[INPUT FOR THIS TASK — start]
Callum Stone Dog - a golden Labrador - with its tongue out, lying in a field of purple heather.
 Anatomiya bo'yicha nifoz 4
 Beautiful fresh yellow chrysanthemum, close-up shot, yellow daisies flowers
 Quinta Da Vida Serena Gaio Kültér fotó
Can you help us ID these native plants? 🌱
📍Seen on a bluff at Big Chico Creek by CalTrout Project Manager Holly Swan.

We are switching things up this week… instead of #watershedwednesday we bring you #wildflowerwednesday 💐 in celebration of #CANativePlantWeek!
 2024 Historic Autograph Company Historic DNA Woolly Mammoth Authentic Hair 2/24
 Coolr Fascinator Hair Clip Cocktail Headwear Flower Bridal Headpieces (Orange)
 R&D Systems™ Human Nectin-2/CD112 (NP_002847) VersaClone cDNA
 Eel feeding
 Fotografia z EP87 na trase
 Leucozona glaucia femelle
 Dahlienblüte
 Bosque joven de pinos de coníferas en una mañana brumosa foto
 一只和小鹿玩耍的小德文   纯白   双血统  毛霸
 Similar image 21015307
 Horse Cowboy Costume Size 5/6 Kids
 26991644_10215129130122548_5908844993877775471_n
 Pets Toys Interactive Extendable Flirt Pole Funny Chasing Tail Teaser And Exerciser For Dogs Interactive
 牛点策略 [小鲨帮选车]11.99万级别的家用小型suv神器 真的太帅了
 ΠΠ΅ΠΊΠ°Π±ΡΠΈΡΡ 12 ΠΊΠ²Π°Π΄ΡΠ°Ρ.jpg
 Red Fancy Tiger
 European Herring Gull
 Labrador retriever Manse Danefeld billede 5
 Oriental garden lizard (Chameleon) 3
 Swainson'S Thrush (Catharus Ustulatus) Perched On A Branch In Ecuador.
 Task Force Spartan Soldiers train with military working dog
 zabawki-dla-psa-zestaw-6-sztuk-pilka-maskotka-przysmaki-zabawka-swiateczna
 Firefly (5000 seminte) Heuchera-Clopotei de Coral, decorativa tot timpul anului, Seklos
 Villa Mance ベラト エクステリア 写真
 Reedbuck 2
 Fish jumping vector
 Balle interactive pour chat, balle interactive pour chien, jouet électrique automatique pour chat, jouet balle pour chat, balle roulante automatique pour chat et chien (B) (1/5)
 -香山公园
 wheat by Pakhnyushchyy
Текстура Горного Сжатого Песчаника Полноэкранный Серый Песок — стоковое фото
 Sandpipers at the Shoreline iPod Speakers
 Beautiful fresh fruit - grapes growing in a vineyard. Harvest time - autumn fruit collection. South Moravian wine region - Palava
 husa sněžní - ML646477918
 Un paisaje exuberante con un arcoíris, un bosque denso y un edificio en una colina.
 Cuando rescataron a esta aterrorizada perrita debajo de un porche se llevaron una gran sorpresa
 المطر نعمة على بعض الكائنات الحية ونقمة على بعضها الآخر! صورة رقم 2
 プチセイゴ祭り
[INPUT FOR THIS TASK — finish]
#### DIRECTIONS:
Output all of the data again. Match it exactly.

#### COMPLETED TASK:
Callum Stone Dog - a golden Labrador - with its tongue out, lying in a field of purple heather.
 Anatomiya bo'yicha nifoz 4
 Beautiful fresh yellow chrysanthemum, close-up shot, yellow daisies flowers
 Quinta Da Vida Serena Gaio Kültér fotó
Can you help us ID these native plants? 🌱
📍Seen on a bluff at Big Chico Creek by CalTrout Project Manager Holly Swan.

We are switching things up this week… instead of #watershedwednesday we bring you #wildflowerwednesday 💐 in celebration of #CANativePlantWeek!
 2024 Historic Autograph Company Historic DNA Woolly Mammoth Authentic Hair 2/24
 Coolr Fascinator Hair Clip Cocktail Headwear Flower Bridal Headpieces (Orange)
 R&D Systems™ Human Nectin-2/CD112 (NP_002847) VersaClone cDNA
 Eel feeding
 Fotografia z EP87 na trase
 Leucozona glaucia femelle
 Dahlienblüte
 Bosque joven de pinos de coníferas en una mañana brumosa foto
 一只和小鹿玩耍的小德文   纯白   双血统  毛霸
 Similar image 21015307
 Horse Cowboy Costume Size 5/6 Kids
 26991644_10215129130122548_5908844993877775471_n
 Pets Toys Interactive Extendable Flirt Pole Funny Chasing Tail Teaser And Exerciser For Dogs Interactive
 牛点策略 [小鲨帮选车]11.99万级别的家用小型suv神器 真的太帅了
 ΠΠ΅ΠΊΠ°Π±ΡΠΈΡΡ 12 ΠΊΠ²Π°Π΄ΡΠ°Ρ.jpg
 Red Fancy Tiger
 European Herring Gull
 Labrador retriever Manse Danefeld billede 5
 Oriental garden lizard (Chameleon) 3
 Swainson'S Thrush (Catharus Ustulatus) Perched On A Branch In Ecuador.
 Task Force Spartan Soldiers train with military working dog
 zabawki-dla-psa-zestaw-6-sztuk-pilka-maskotka-przysmaki-zabawka-swiateczna
 Firefly (5000 seminte) Heuchera-Clopotei de Coral, decorativa tot timpul anului, Seklos
 Villa Mance ベラト エクステリア 写真
 Reedbuck 2
 Fish jumping vector
 Balle interactive pour chat, balle interactive pour chien, jouet électrique automatique pour chat, jouet balle pour chat, balle roulante automatique pour chat et chien (B) (1/5)
 -香山公园
 wheat by Pakhnyushchyy
Текстура Горного Сжатого Песчаника Полноэкранный Серый Песок — стоковое фото
 Sandpipers at the Shoreline iPod Speakers
 Beautiful fresh fruit - grapes growing in a vineyard. Harvest time - autumn fruit collection. South Moravian wine region - Palava
 husa sněžní - ML646477918
 Un paisaje exuberante con un arcoíris, un bosque denso y un edificio en una colina.
 Cuando rescataron a esta aterrorizada perrita debajo de un porche se llevaron una gran sorpresa
 المطر نعمة على بعض الكائنات الحية ونقمة على بعضها الآخر! صورة رقم 2
 プチセイゴ祭り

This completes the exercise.